Project objectives from proposal:
1. Determine how cover crops currently used by some producers in the IPNW affect soil faunal diversity. Working on three cooperating producers’ farms we will assess the effect of cover crops vs. BAU farming without cover crops on belowground arthropod biodiversity over two years. We will test the hypothesis that soil arthropod biodiversity is greater under cover crops than in the absence of cover crops.
2. Determine whether cover crops with greater plant species diversity have greater belowground arthropod biodiversity. In small-plot studies with collaborators at an NRCS site, we will assess the effects of experimentally manipulated cover crop diversity on the abundance and diversity of belowground arthropods. We will test the hypothesis that soil arthropod diversity increases in response to increased cover crop diversity.

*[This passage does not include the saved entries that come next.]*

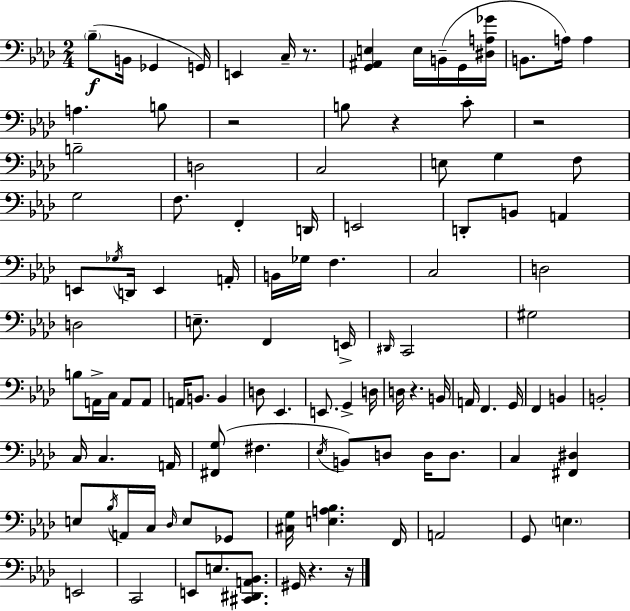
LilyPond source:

{
  \clef bass
  \numericTimeSignature
  \time 2/4
  \key f \minor
  \parenthesize bes8--(\f b,16 ges,4 g,16) | e,4 c16-- r8. | <g, ais, e>4 e16 b,16--( g,16 <dis a ges'>16 | b,8. a16) a4 | \break a4. b8 | r2 | b8 r4 c'8-. | r2 | \break b2-- | d2 | c2 | e8 g4 f8 | \break g2 | f8. f,4-. d,16 | e,2 | d,8-. b,8 a,4 | \break e,8 \acciaccatura { ges16 } d,16 e,4 | a,16-. b,16 ges16 f4. | c2 | d2 | \break d2 | e8.-- f,4 | e,16-> \grace { dis,16 } c,2 | gis2 | \break b8 a,16-> c16 a,8 | a,8 a,16 b,8. b,4 | d8 ees,4. | e,8. g,4-> | \break d16 d16 r4. | b,16 a,16 f,4. | g,16 f,4 b,4 | b,2-. | \break c16 c4. | a,16 <fis, g>8( fis4. | \acciaccatura { ees16 } b,8) d8 d16 | d8. c4 <fis, dis>4 | \break e8 \acciaccatura { bes16 } a,16 c16 | \grace { des16 } e8 ges,8 <cis g>16 <e a bes>4. | f,16 a,2 | g,8 \parenthesize e4. | \break e,2 | c,2 | e,8 e8. | <cis, dis, a, bes,>8. gis,16 r4. | \break r16 \bar "|."
} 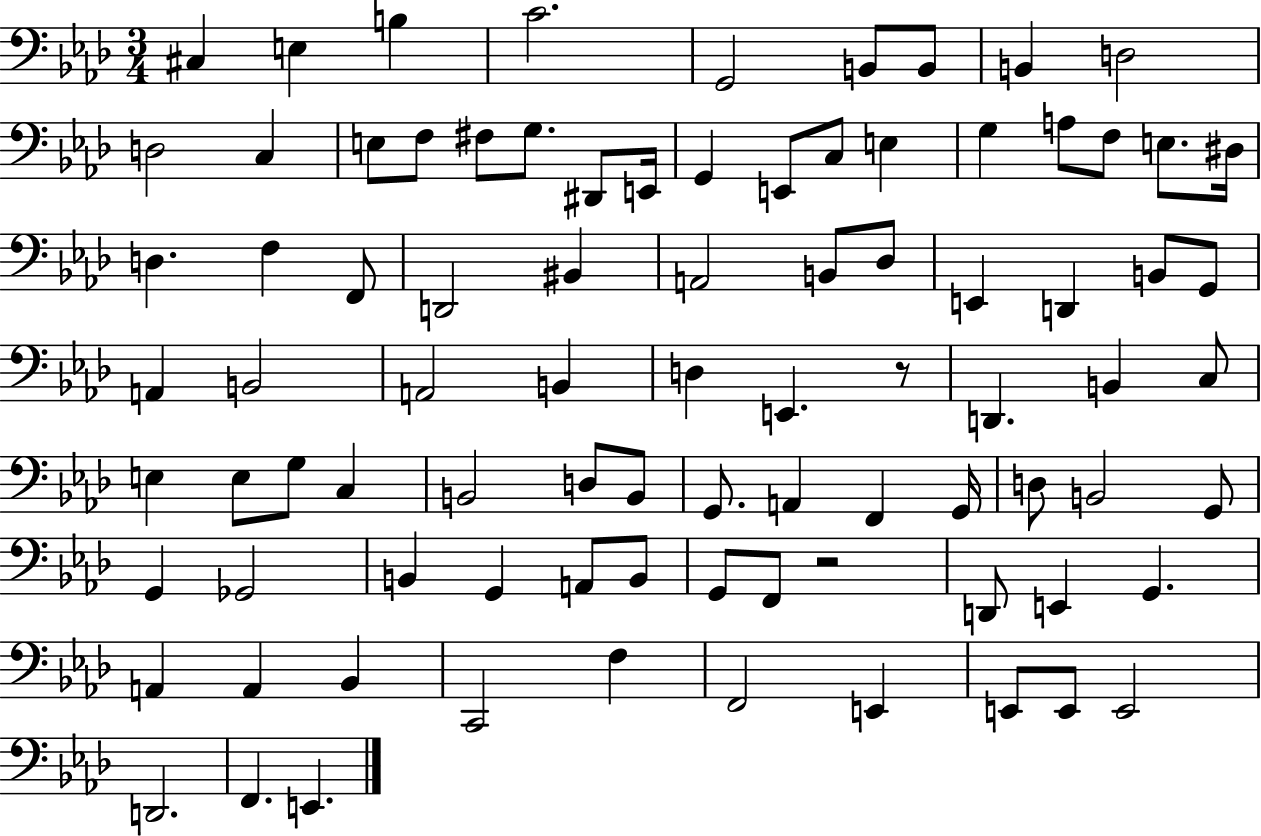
{
  \clef bass
  \numericTimeSignature
  \time 3/4
  \key aes \major
  cis4 e4 b4 | c'2. | g,2 b,8 b,8 | b,4 d2 | \break d2 c4 | e8 f8 fis8 g8. dis,8 e,16 | g,4 e,8 c8 e4 | g4 a8 f8 e8. dis16 | \break d4. f4 f,8 | d,2 bis,4 | a,2 b,8 des8 | e,4 d,4 b,8 g,8 | \break a,4 b,2 | a,2 b,4 | d4 e,4. r8 | d,4. b,4 c8 | \break e4 e8 g8 c4 | b,2 d8 b,8 | g,8. a,4 f,4 g,16 | d8 b,2 g,8 | \break g,4 ges,2 | b,4 g,4 a,8 b,8 | g,8 f,8 r2 | d,8 e,4 g,4. | \break a,4 a,4 bes,4 | c,2 f4 | f,2 e,4 | e,8 e,8 e,2 | \break d,2. | f,4. e,4. | \bar "|."
} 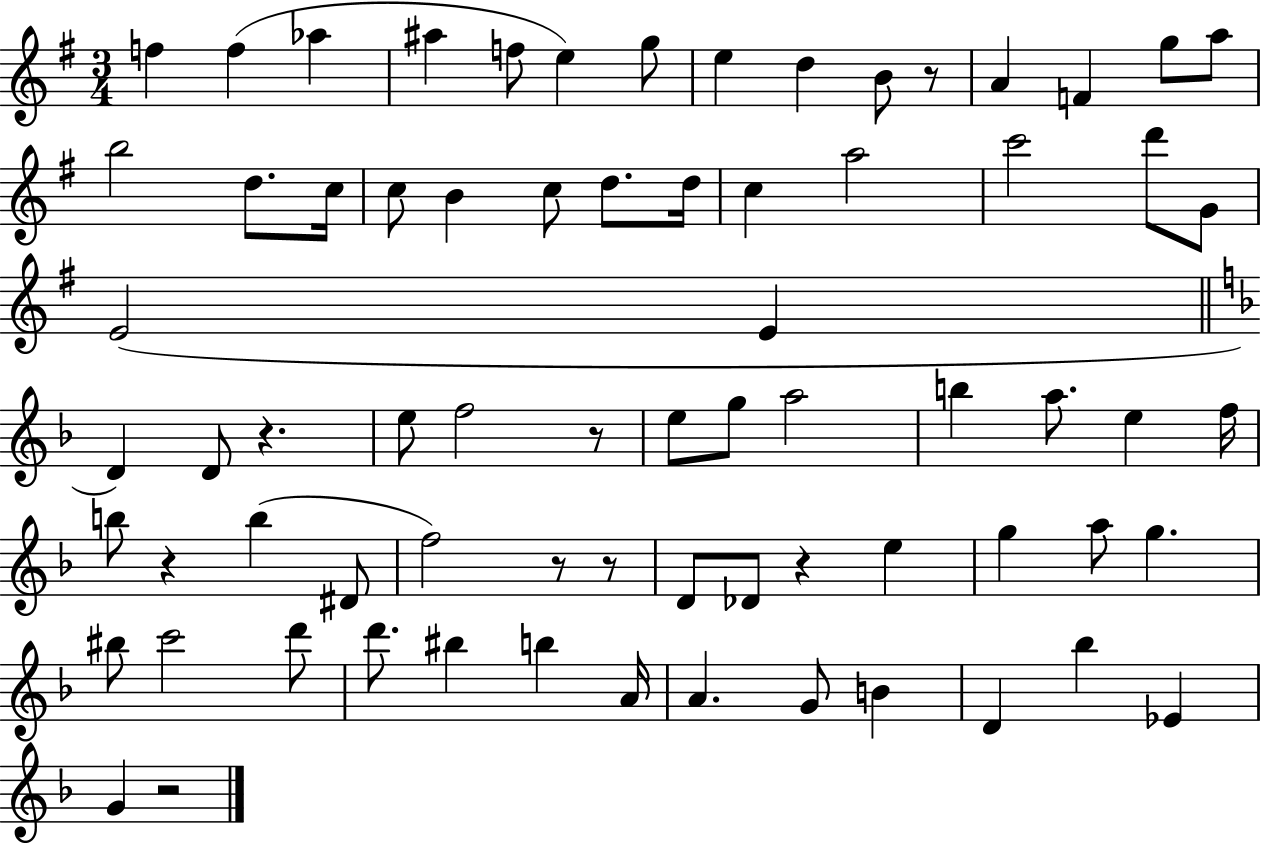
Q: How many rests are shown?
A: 8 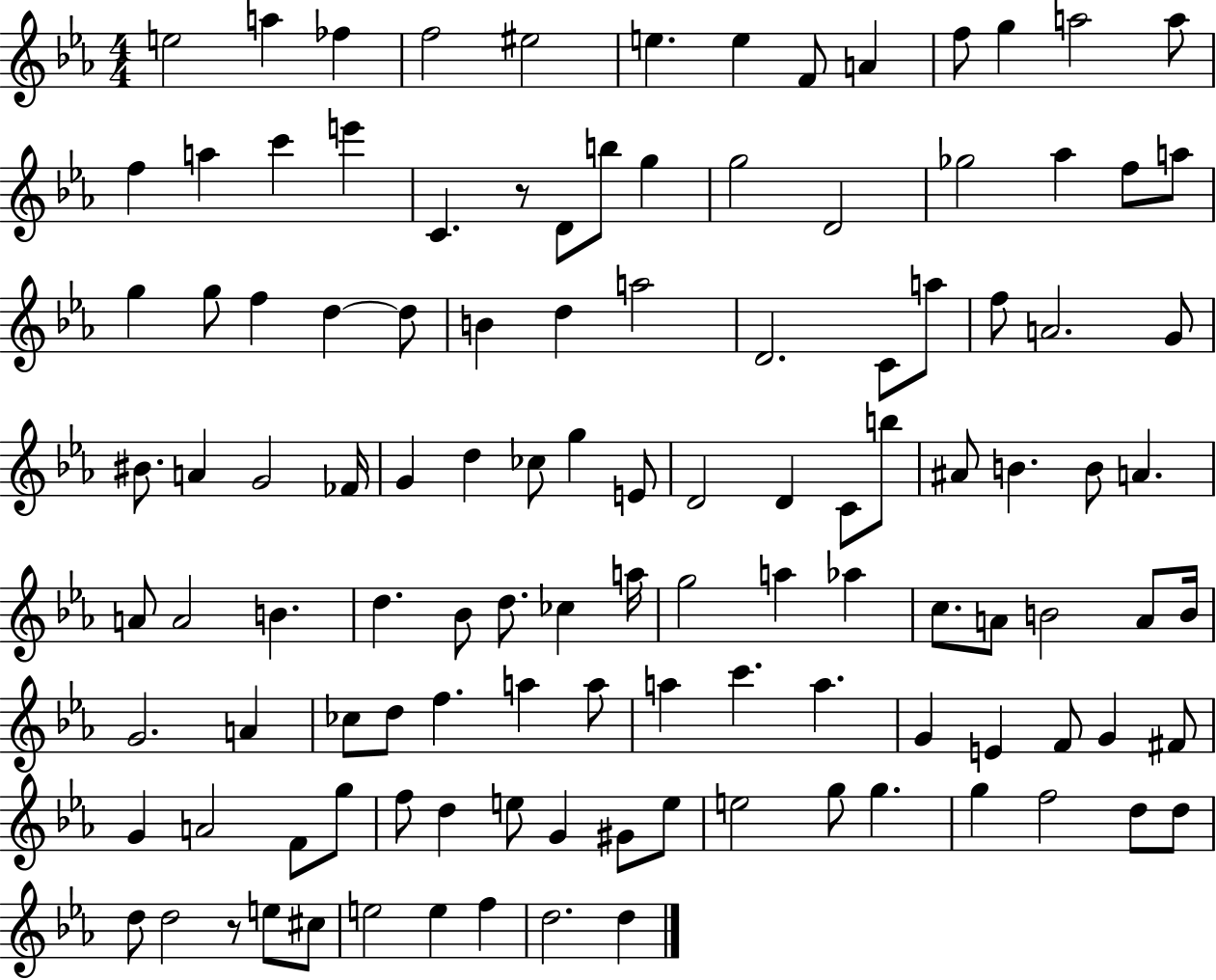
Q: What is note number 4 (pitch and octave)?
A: F5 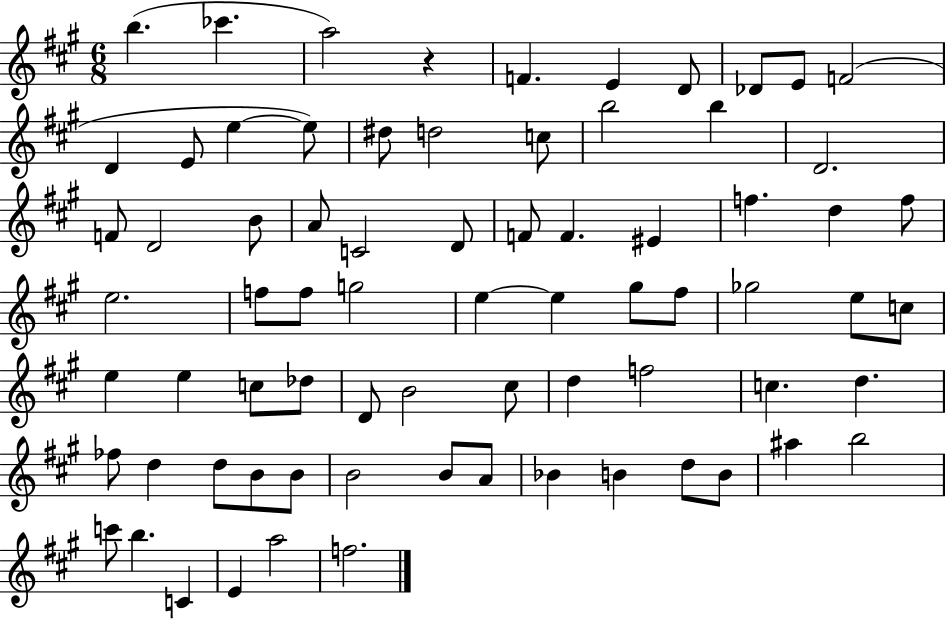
B5/q. CES6/q. A5/h R/q F4/q. E4/q D4/e Db4/e E4/e F4/h D4/q E4/e E5/q E5/e D#5/e D5/h C5/e B5/h B5/q D4/h. F4/e D4/h B4/e A4/e C4/h D4/e F4/e F4/q. EIS4/q F5/q. D5/q F5/e E5/h. F5/e F5/e G5/h E5/q E5/q G#5/e F#5/e Gb5/h E5/e C5/e E5/q E5/q C5/e Db5/e D4/e B4/h C#5/e D5/q F5/h C5/q. D5/q. FES5/e D5/q D5/e B4/e B4/e B4/h B4/e A4/e Bb4/q B4/q D5/e B4/e A#5/q B5/h C6/e B5/q. C4/q E4/q A5/h F5/h.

3. Measure the association between soil arthropod diversity and a key soil ecosystem function, crop residue decomposition. On soils with differing belowground arthropod diversity as assessed in Objective 2 we will measure decomposition rates of a standardized cover crop residue. We will test the hypothesis that rates of residue decomposition increase with soil arthropod community diversity. In year 2 of the study, we will validate results on producer farms to provide them with information on arthropod-mediated residue decomposition rates in their fields.
4. Assess IPNW soil health using arthropods as bioindicators. The QBS-ar index will be used evaluate soils in cover crops and BAU farming and among treatments in the small plot study to demonstrate the applicability of this novel tool for assessing soil health in the IPNW.